BEGIN Study material
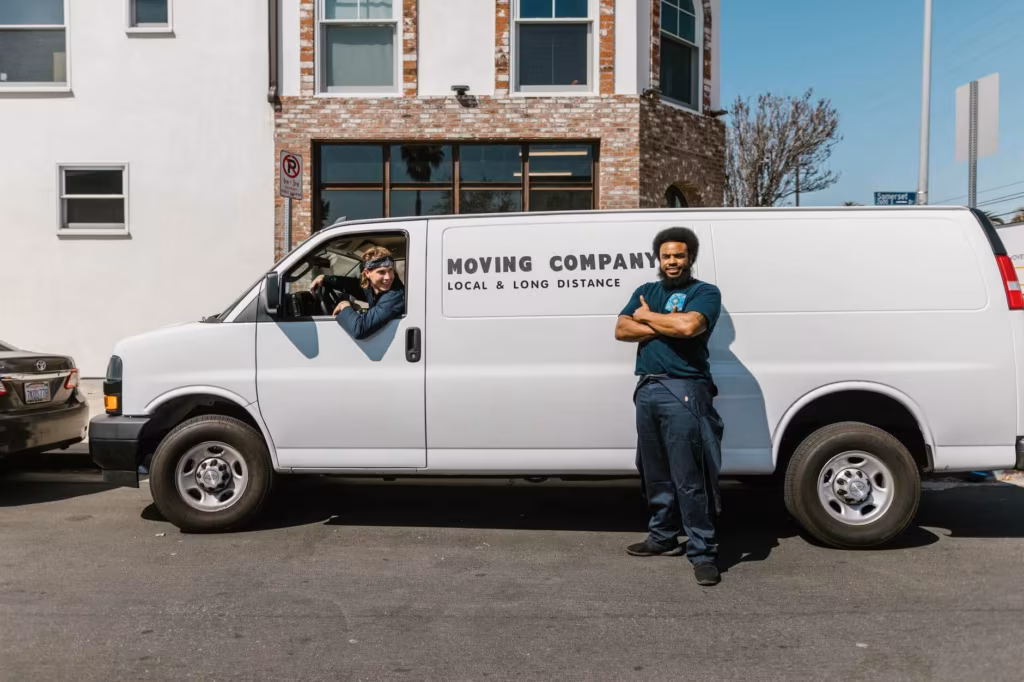 long-distance movers near a moving truck, smiling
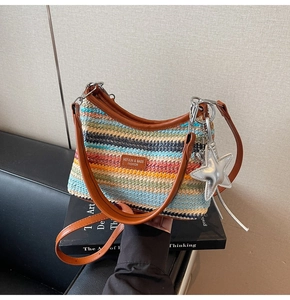 Détail d'un sac en paille tissé coloré avec des lanières en cuir et un pendentif étoile
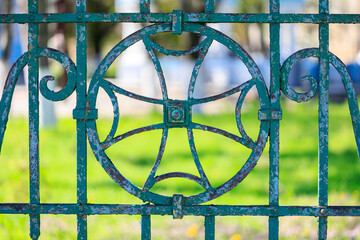 A green metal fence with a design of a circle and a cross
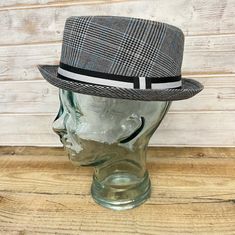 This GREY RUDE BOY SKA PORK PIE HAT with contrasting ribbon band detail is the most perfect hat for everyday, while still retaining the cool jazz associations of the pork pie style. This effortlessly great looking design features a 3cm brim (1.25 inches), and the eponymous flat crown has a height of 10cm (4 Inches) a timeless classic that will add a dapper dashing cool look The hat is CAREFULLY MADE from 100% Polyester and has a deep red paisley two tone silk look lining that enhances the look a Gray Short Brim Fedora For Spring, Gray Hat With Adjustable Fit And Short Brim, Gray Adjustable Hat With Short Brim, Adjustable Gray Retro Hat, Retro Adjustable Gray Hat, Pork Pie Hat, Cool Jazz, Pork Pie, Rude Boy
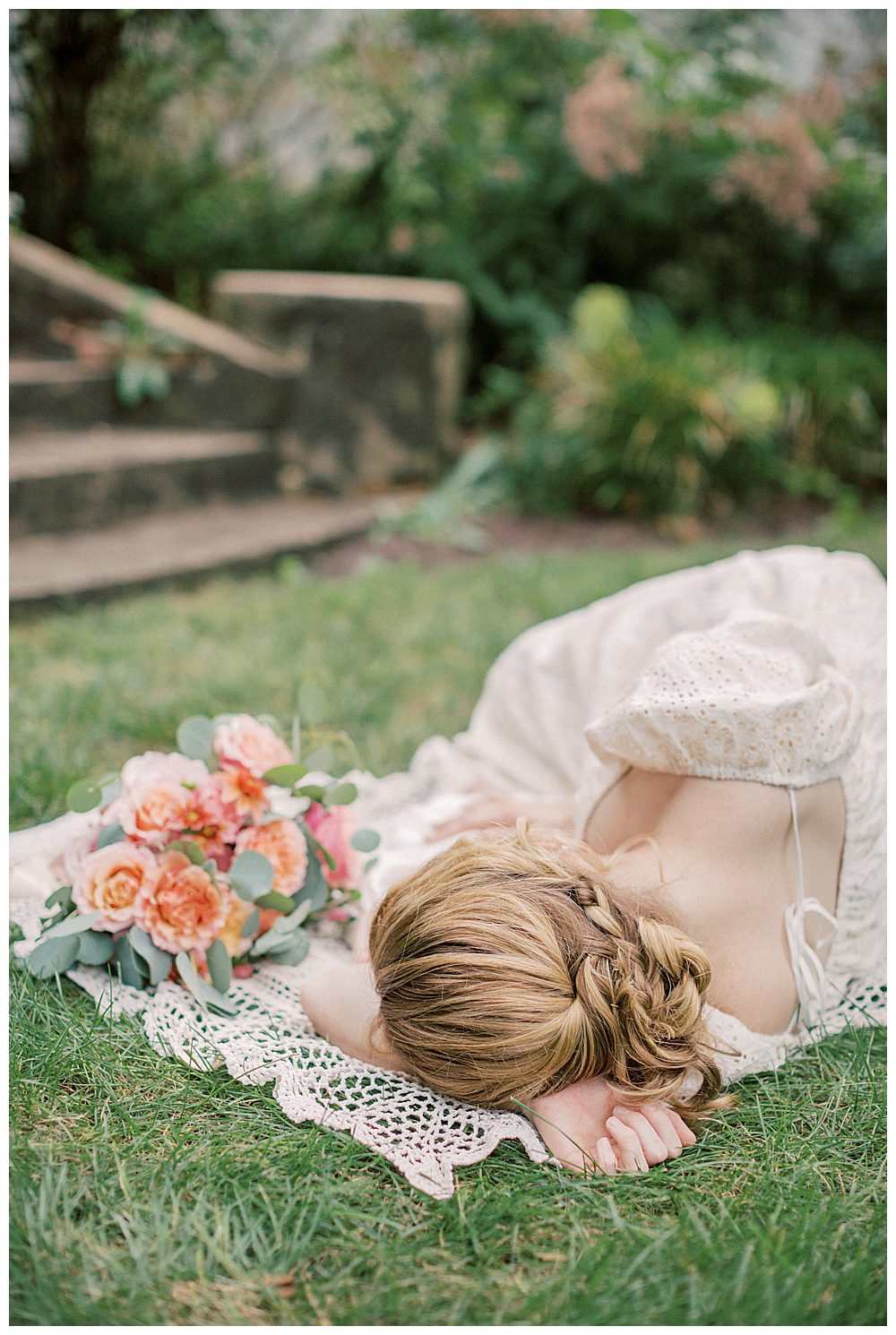 Blonde Mother Lays On Crotchet Blanket With Roses And Newborn Girl.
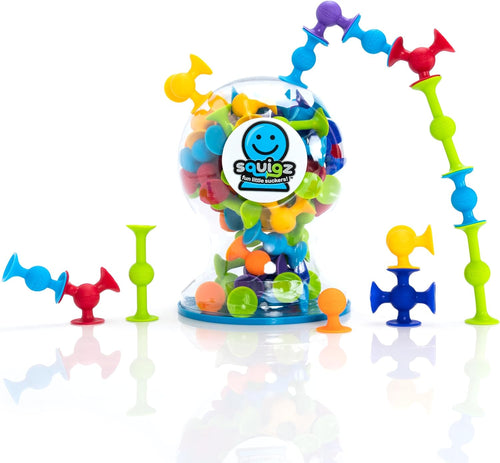Colorful suction cup building pieces stuck together on a bathroom tile wall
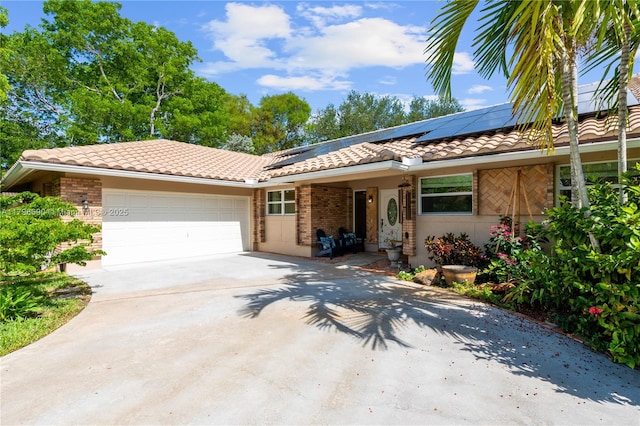 single story home with brick siding, a garage, a tile roof, concrete driveway, and roof mounted solar panels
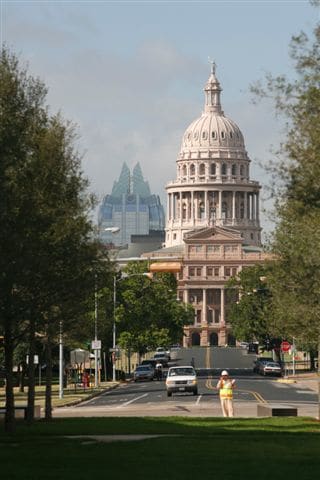 A tree-lined street leads towards the Texas State Capitol building, characterized by its iconic dome and historic architecture. The skyline of modern buildings forms a backdrop, showcasing a blend of historic and contemporary structures in an inviting urban landscape.
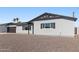 A view of a one-story house with a black garage door, black trim, and rock landscaping at 7014 E Latham St, Scottsdale, AZ 85257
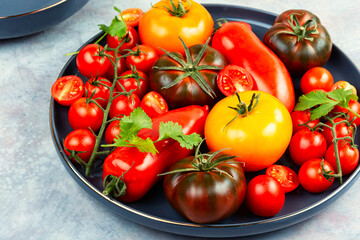 Tomatoes of different varieties in a plate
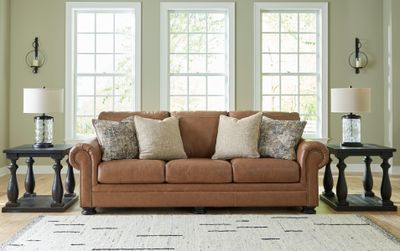 Front view of the Signature Design by Ashley Carianna collection sofa with décor 
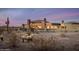 A sprawling home sits serenely amidst desert landscape with mountain backdrop at 30556 N Sage Dr, Peoria, AZ 85383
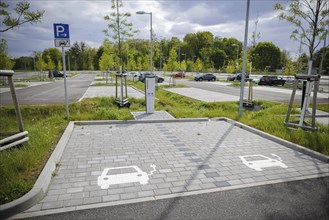 Symbolic photo. Parking spaces and charging points for electric cars are located in a newly built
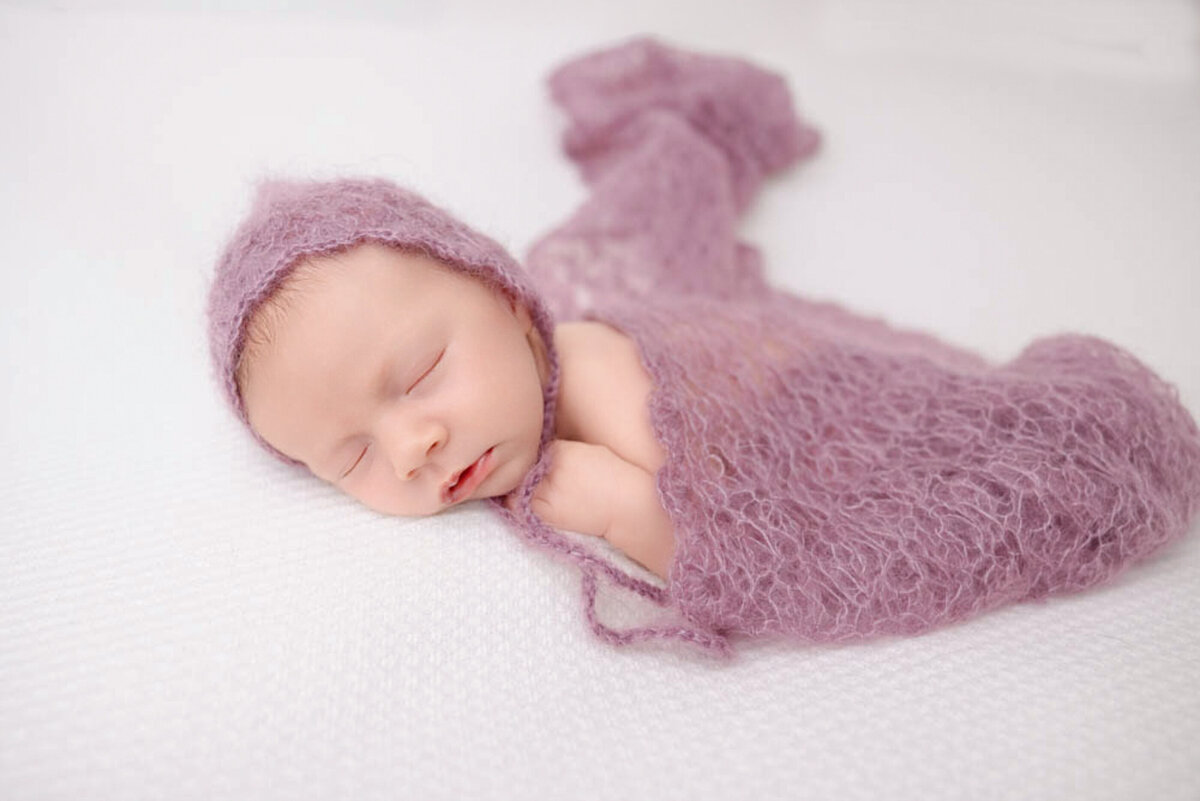 two-week baby girl posed lying on white blanket and wearing a purple bonnet and covered in a lacy purple baby wrap.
END Study material
Work instructions: Starting with the opening line of the listing, write out each line exactly until the line that contains "Blonde Mother Lays" has been included; skip the pictures.

Output below:
 long-distance movers near a moving truck, smiling
 Détail d'un sac en paille tissé coloré avec des lanières en cuir et un pendentif étoile
 A green metal fence with a design of a circle and a cross
 This GREY RUDE BOY SKA PORK PIE HAT with contrasting ribbon band detail is the most perfect hat for everyday, while still retaining the cool jazz associations of the pork pie style. This effortlessly great looking design features a 3cm brim (1.25 inches), and the eponymous flat crown has a height of 10cm (4 Inches) a timeless classic that will add a dapper dashing cool look The hat is CAREFULLY MADE from 100% Polyester and has a deep red paisley two tone silk look lining that enhances the look a Gray Short Brim Fedora For Spring, Gray Hat With Adjustable Fit And Short Brim, Gray Adjustable Hat With Short Brim, Adjustable Gray Retro Hat, Retro Adjustable Gray Hat, Pork Pie Hat, Cool Jazz, Pork Pie, Rude Boy
 Blonde Mother Lays On Crotchet Blanket With Roses And Newborn Girl.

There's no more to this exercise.